A apreensão foi decretada por estarem sob investigação neste processo do caso BES (um dos vários processos que a Procuradoria-Geral da República apelida de Universo Espírito Santo) fortes indícios da prática dos crimes de falsificação de documento, falsidade informática, burla qualificada, infidelidade, abuso de confiança, corrupção no sector privado.
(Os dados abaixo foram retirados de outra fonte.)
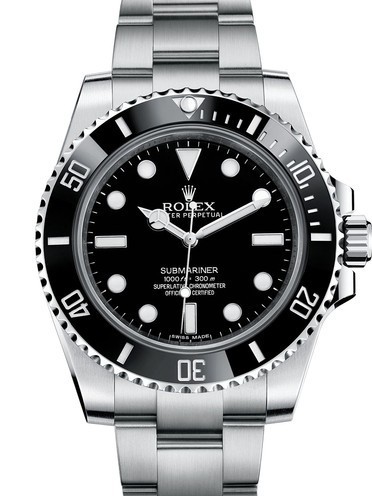 AAA Replica Rolex Oyster Perpetual Submariner Mens Watch 114060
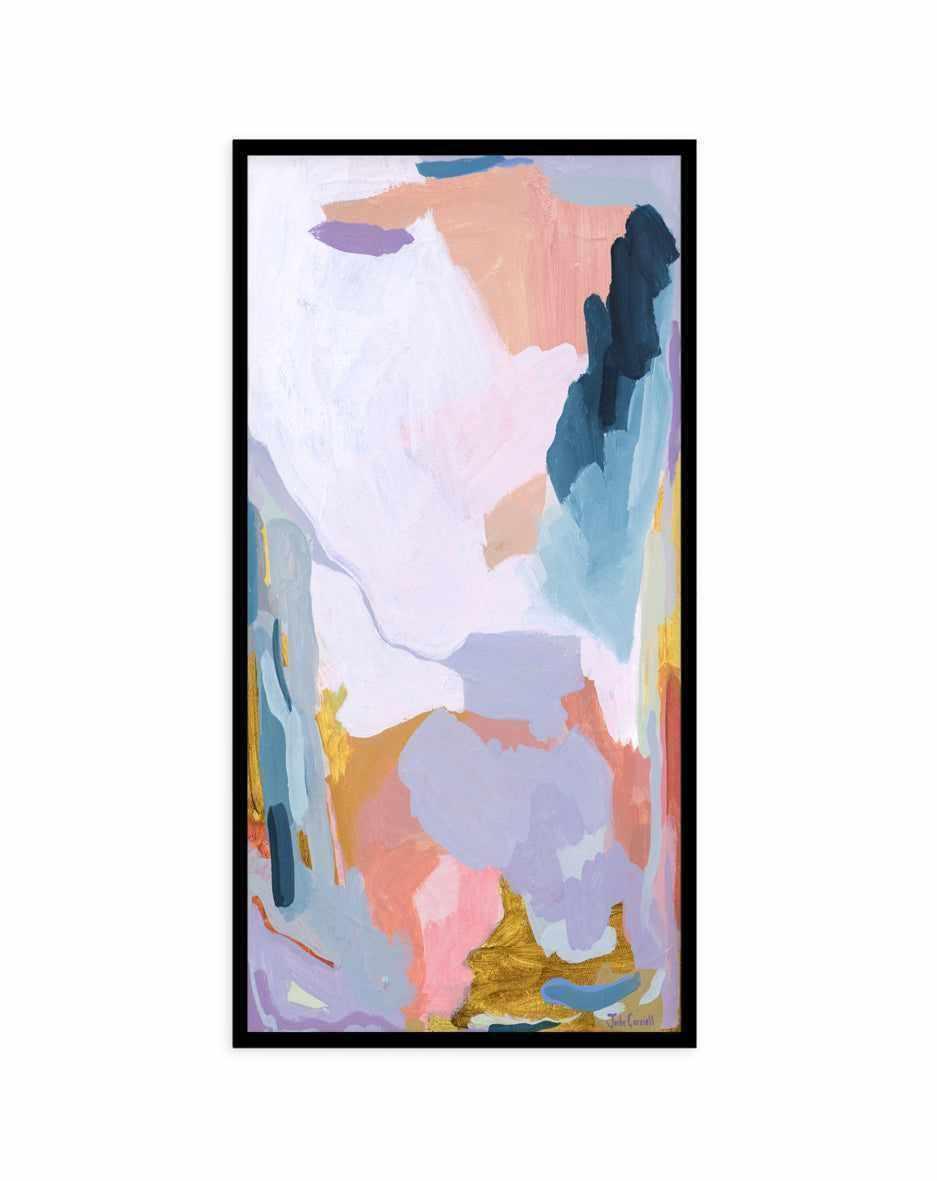 Violet by Jade Carnell | Panoramic Art Print from Olive et Oriel where you can shop wallpaper and artworks online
A grande questão reside agora em saber se Ricardo Salgado, ex-presidente executivo do BES, e José Manuel Espírito Santo, ex-administrador do BES, que também foram alvo do mesmo tipo de apreensão cautelar de bens e que também contestaram a decisão do TCIC na Relação de Lisboa, terão idênticas decisões. Se não tiverem sido constituidos arguidos antes das apreensões, é provável que isso se verifique.

Recorde-se que a Procuradoria-Geral da República (PGR) informou a 24 de Julho, aquando da detenção da confirmação que Ricardo Salgado estava a ser interrogado pelo juiz Carlos Alexandre e pelos procuradores titulares dos inquéritos do Universo Espírito Santo, que o ex-líder do BES tinha sido constituído arguido nessa data. Ou seja, pouco mais de um mês após as apreensões acima referidas.

Salgado tinha sido detido para interrogatório, e constituído arguido em Julho de 2014, mas no âmbito da processo Monte Branco onde se investiga uma rede internacional de branqueamento de capitais. Um processo que nada tem a ver com as investigações à gestão do BES e do GES.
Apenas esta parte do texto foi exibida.